A obrigação de avaliar previamente a situação da empresa estrangeira no que se refere às condições trabalhistas cabe à empresa brasileira ou sediada em área nacional. Em caso de descumprimento, a entidade/empresa brasileira ou sediada em território nacional será impedida de firmar contratos com quaisquer entes ou órgãos públicos, de participar de licitações ou de se beneficiar de recursos públicos de qualquer natureza, por um período de cinco anos. A previsão é de que a lei passe a valer seis meses após publicação.
A aprovação põe em xeque um dos argumentos mais utilizados pelos parlamentares que fazem parte da chamada bancada ruralista: o de que não está consolidado o entendimento do que seja trabalho degradante (uma das formas citadas expressamente no art. 149 do Código Penal, que define o crime de reduzir alguém à condição análoga à de escravo). Os deputados que aprovaram o projeto nas comissões concordaram quanto à validade de reconhecidos critérios que definem o trabalho degradante.
O projeto de lei (PL 2108/2003) faz parte de um conjunto de proposições voltadas ao combate ao trabalho escravo que permaneciam paradas no Congresso. A mais relevante delas – a PEC do Trabalho Escravo -, continua, por sinal, completamente estagnada, à espera de votação em segundo turno pelo plenário da Câmara Federal.
Observações
Quando do debate na CCJC, Sérgio Brito (PDT/BA) chegou a apresentar voto em separado com relação ao projeto da autoria de Walter Pinheiro (PT-BA), com ressalvas no que diz respeito às sanções estabelecidas. Para ele, o artigo que estabelece que a empresa que descumprir a orientação será impedida de firmar contratos com quaisquer entes ou órgãos públicos, participar de licitações ou se beneficiar de recursos públicos de qualquer natureza por cinco anos “não parece adequada para figurar como medida repressora principal”.
“É que, na forma proposta, haveria espaço para a curiosa conclusão de que apenas as empresas que eventualmente contratassem com o setor público seriam intimidadas pela norma. Ora, se uma determinada empresa não contrata com a Administração e nem recebe quaisquer recursos públicos, a coercibilidade da norma – que se materializa no preceito sancionador – deixa de existir. Logo, tal empresa poderia firmar os contratos proibidos pela lei sem que sobre ela a norma sob exame projetasse qualquer efeito repressor”, contestou, ainda em abril, Sérgio Brito (PDT/BA).

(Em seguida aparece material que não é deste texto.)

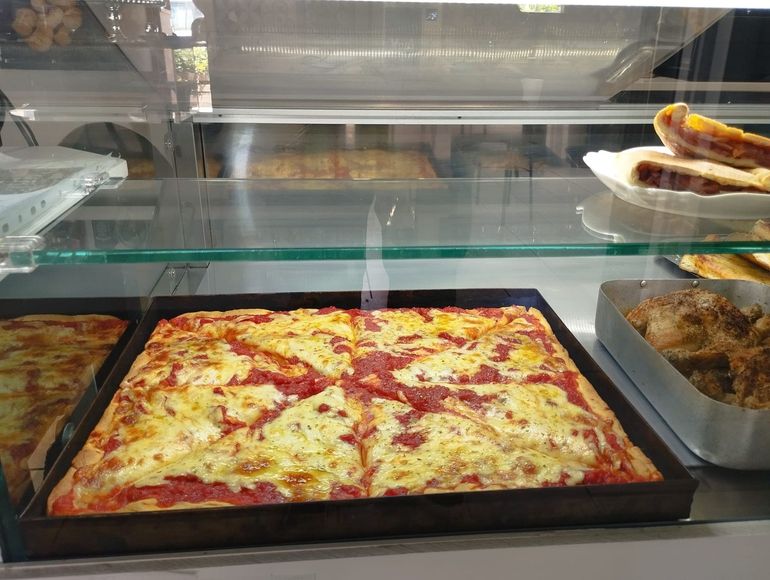 Una pizza quadrata con formaggio fuso e salsa di pomodoro è esposta in una vetrina, insieme ad altri prodotti da forno.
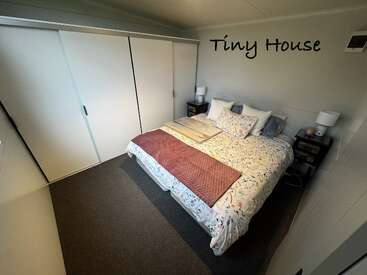 Um aconchegante quarto de uma casinha compacta tem uma cama grande com roupa de cama floral, mesinhas de cabeceira com abajures, um armário embutido com porta de correr, piso acarpetado e uma decoração de parede com o tema “Tiny House”.
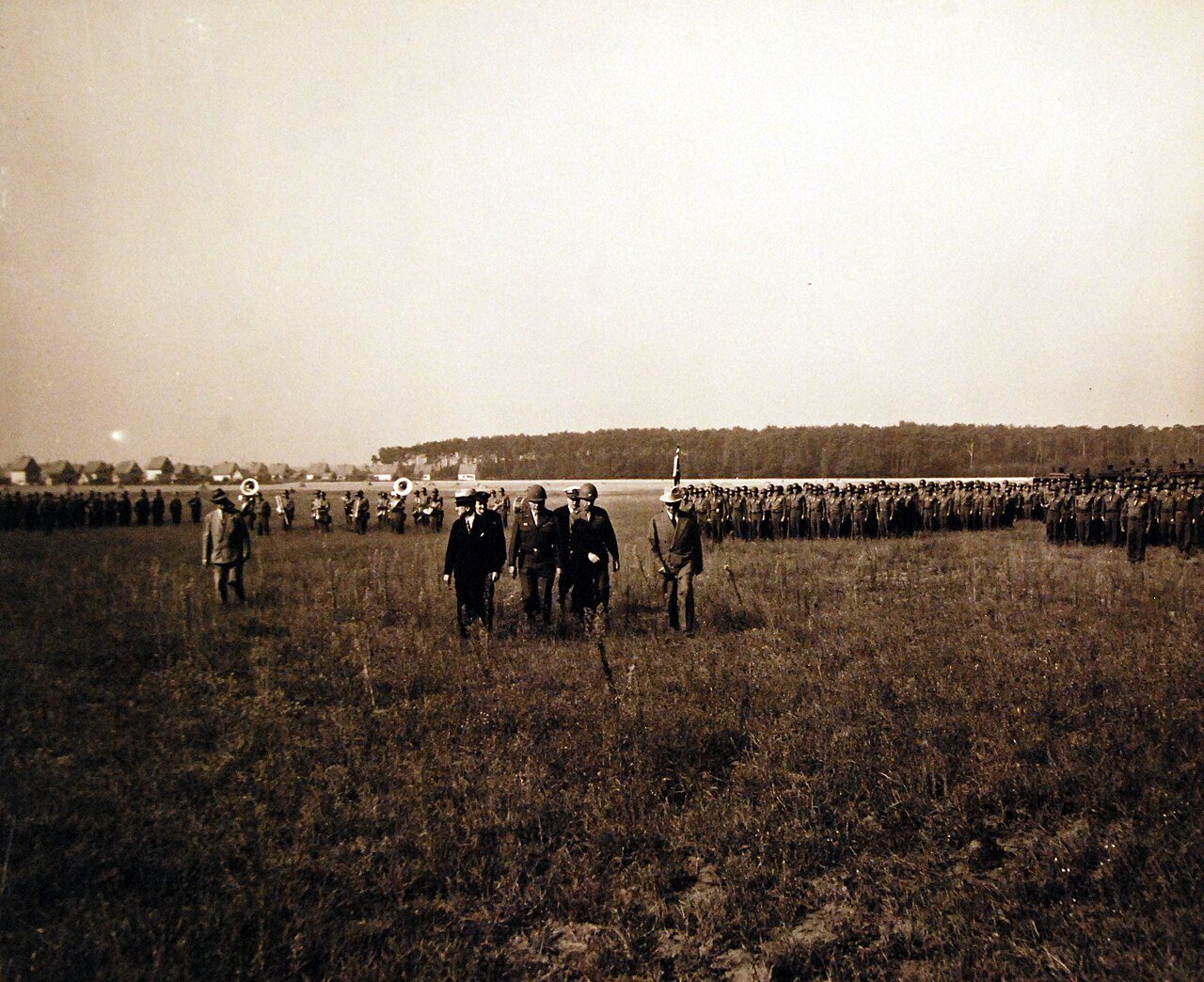 80-G-700160: Potsdam Conference, 17 July – 2 August 1945. President Harry S. Truman and party inspecting troops off 3rd Armored Division just south of Frankfurt, Germany. Photographed by CPhoM William Belknap Jr., released July 26, 1945. U.S. Navy Photograph, now in the collections of the National Archives. (2016/02/23).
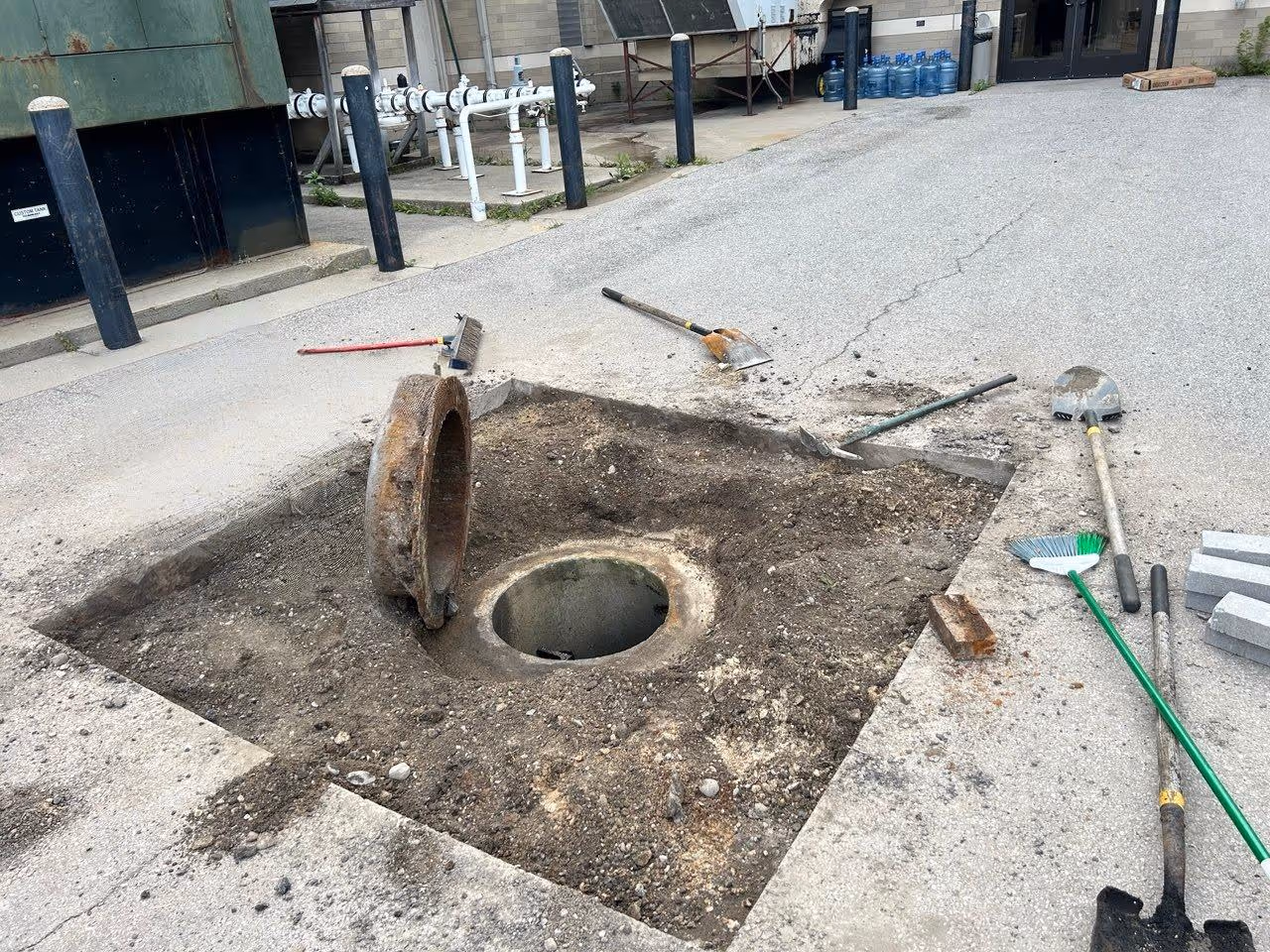An image showing the area of a failed driveway drain with asphalt and concrete removed, and the top of the catch basin ready for structural rebuilding in Northern Michigan.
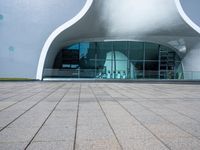 an entrance to an architectural building with circular windows that have an arch in it,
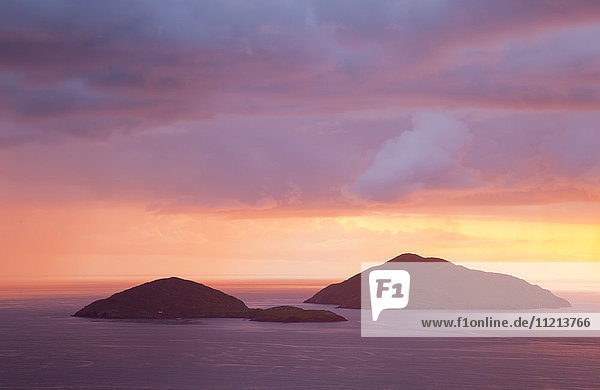 Kleine Inseln im Meer mit einem dramatischen  farbenfrohen Himmel bei Sonnenuntergang; Caherdaniel  County Kerry  Irland'.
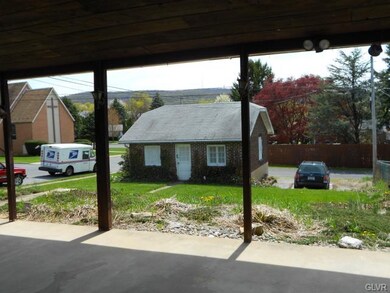 From rear porch looking over yard to garage & publ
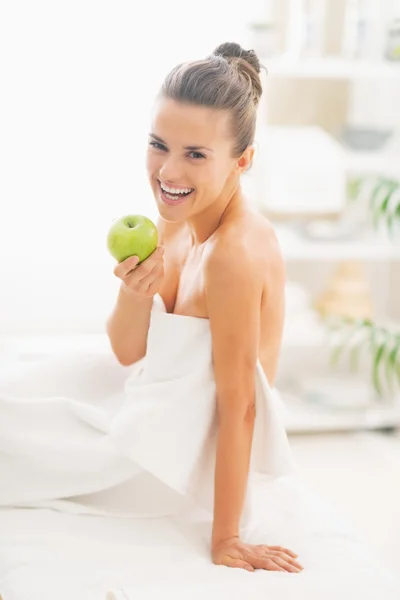 Femme assise avec pomme sur une table de massage — Photo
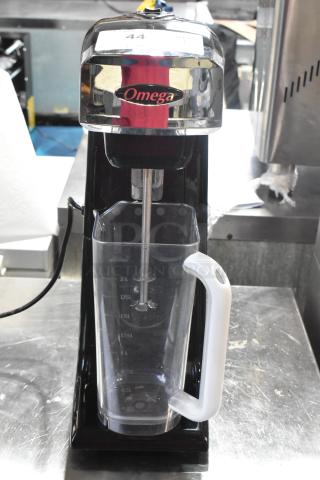 Omega M1000 metal countertop drink mixer, single head, 120 volts, 1 phase, with Omega logo and measurement markings.
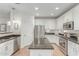 A modern kitchen with stainless steel appliances, granite countertops, and an island, offering ample space at 3935 E Blue Spruce Ln, Gilbert, AZ 85298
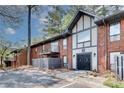 Charming townhome with brick facade, private balconies, and manicured landscaping in a desirable neighborhood at 6851 Roswell Rd # A21, Sandy Springs, GA 30328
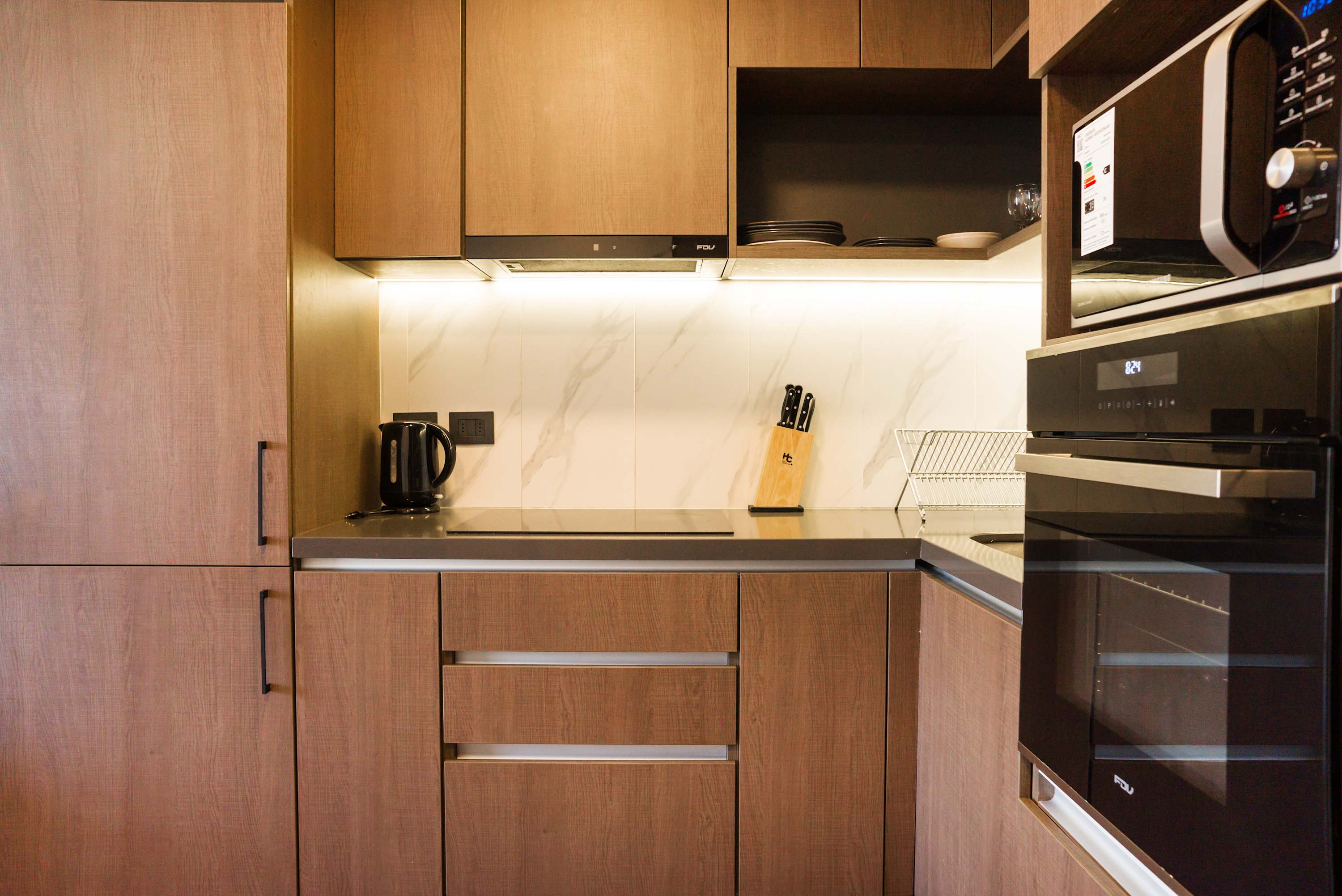 Sleek and modern kitchen with all essentials for a comfortable stay, perfect for cooking your favorite meals.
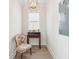 Quaint hallway features a decorative chair, desk, and lighting fixture at 2135 Tides End Rd, Charleston, SC 29412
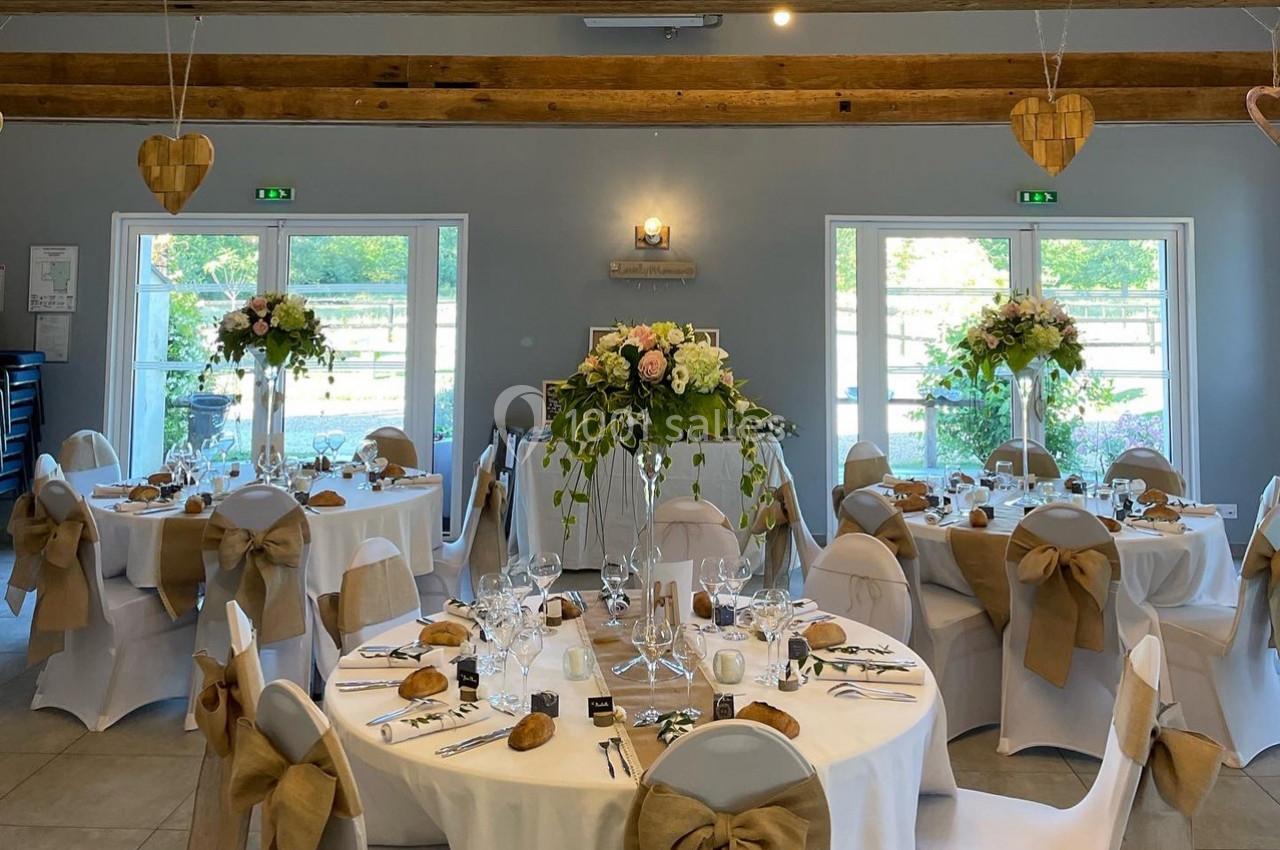 Salle de réception décorée pour un mariage, avec tables rondes dressées, chaises ornées de nœuds en toile de jute et fleurs.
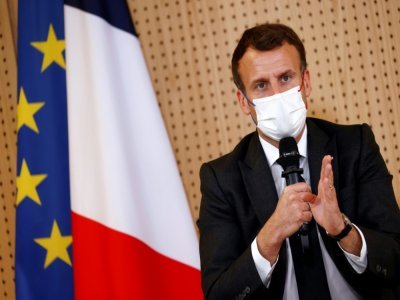 Emmanuel Macron à Reims le 14 avril 2021 - CHRISTIAN HARTMANN [POOL/AFP/Archives]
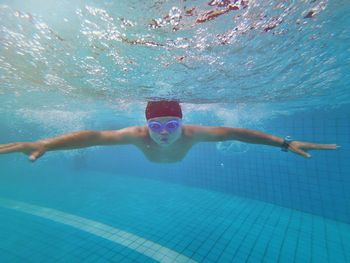 Man with arms outstretched swimming in pool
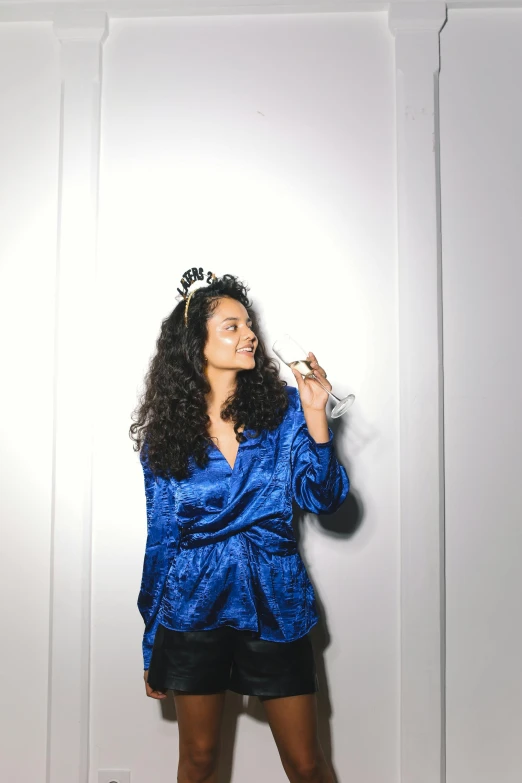 a woman in a blue shirt and black shorts, pexels contest winner, renaissance, tiara with sapphire, imaan hammam, new years eve, photo booth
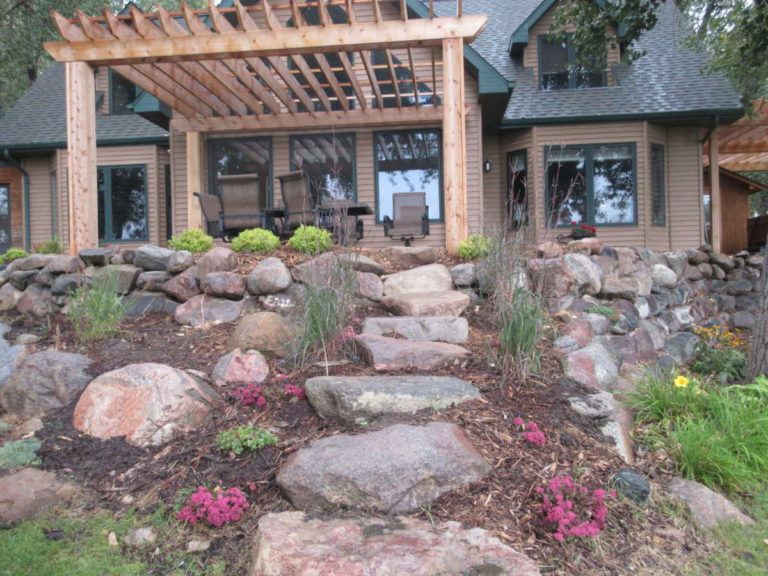 Read more about the article Beautiful Natural Landscaping- Pergola, Wood Look Paver, Boulder Walls, Stone Steps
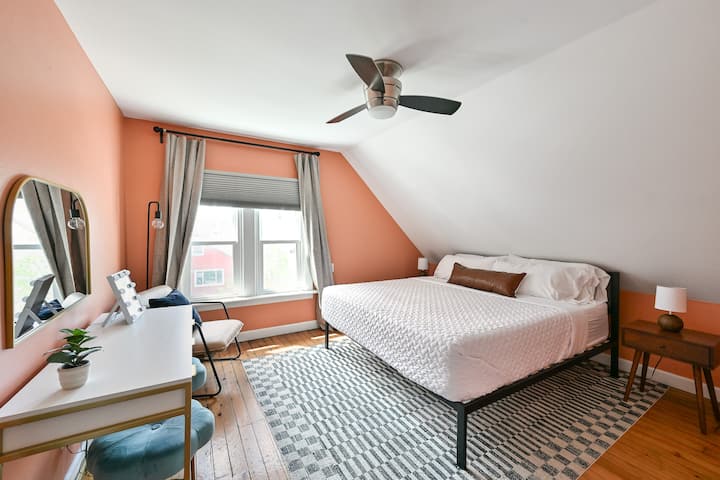 Spacious bedroom with king bed, walk-in closet, and dedicated vanity area.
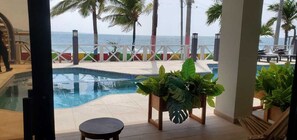A pool area with a view of the ocean, surrounded by palm trees and lounge chairs. - Litos Hotel y Restaurante (La Libertad)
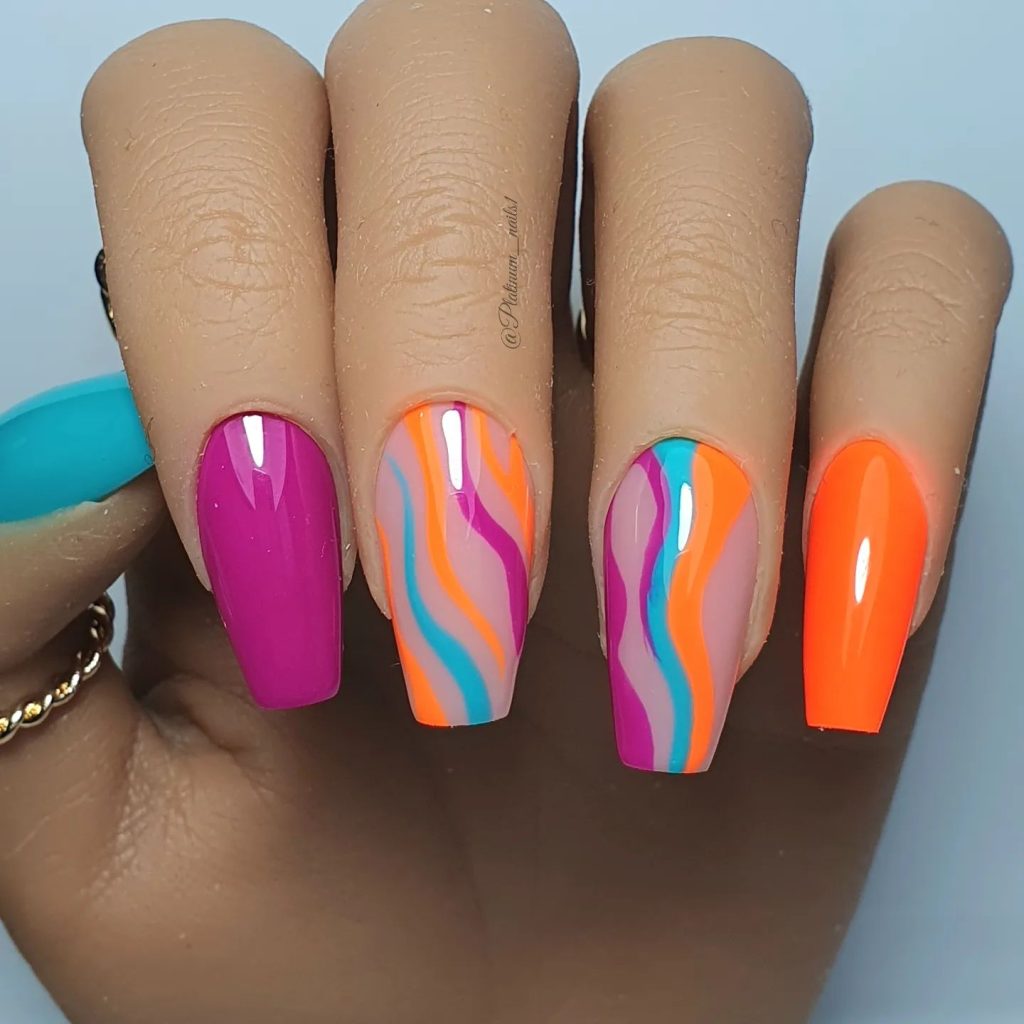 orange and purple swirl nails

“Entendemos que melhor teria andado o legislador se tivesse adotado uma solução que ensejasse punição tarifária, tal como uma maior incidência de impostos sobre os produtos objeto de tais contratos de sorte a torná-los economicamente não atrativos; além de uma multa específica, ou ainda, uma sanção que vedasse o acesso da empresa a linhas de crédito em geral e não apenas aqueles concedidos pelo setor público”, concluiu.
A obrigação do agente nacional de avaliar previamente a empresa que atua no estrangeiro é, para Sérgio Brito (PDT/BA), “uma obrigação quase impossível” que cria “uma indesejável ficção” de que as empresas brasileiras teriam condições de ter acesso a informações completas sobre os processos produtivos que se desenrolam ao redor do mundo.
“Se determinadas situações escapam ao conhecimento do próprio Estado soberano naquele território”, destacou o deputado, “parece-nos exigência demasiada que se exija que uma empresa brasileira proceda tais investigações sem dotá-las de quaisquer meios para tanto”. De acordo com ele, o ideal seria se recorrer a um cadastro internacional ou mesmo nacional, que poderia ser criado pela lei, de empresas estrangeiras que utilizassem tais práticas condenáveis, “retirando-se destarte, o ônus da empresa brasileira”. As ponderações no voto em separado de Sérgio não impediram que a proposta fosse aprovada unanimemente quatro meses depois.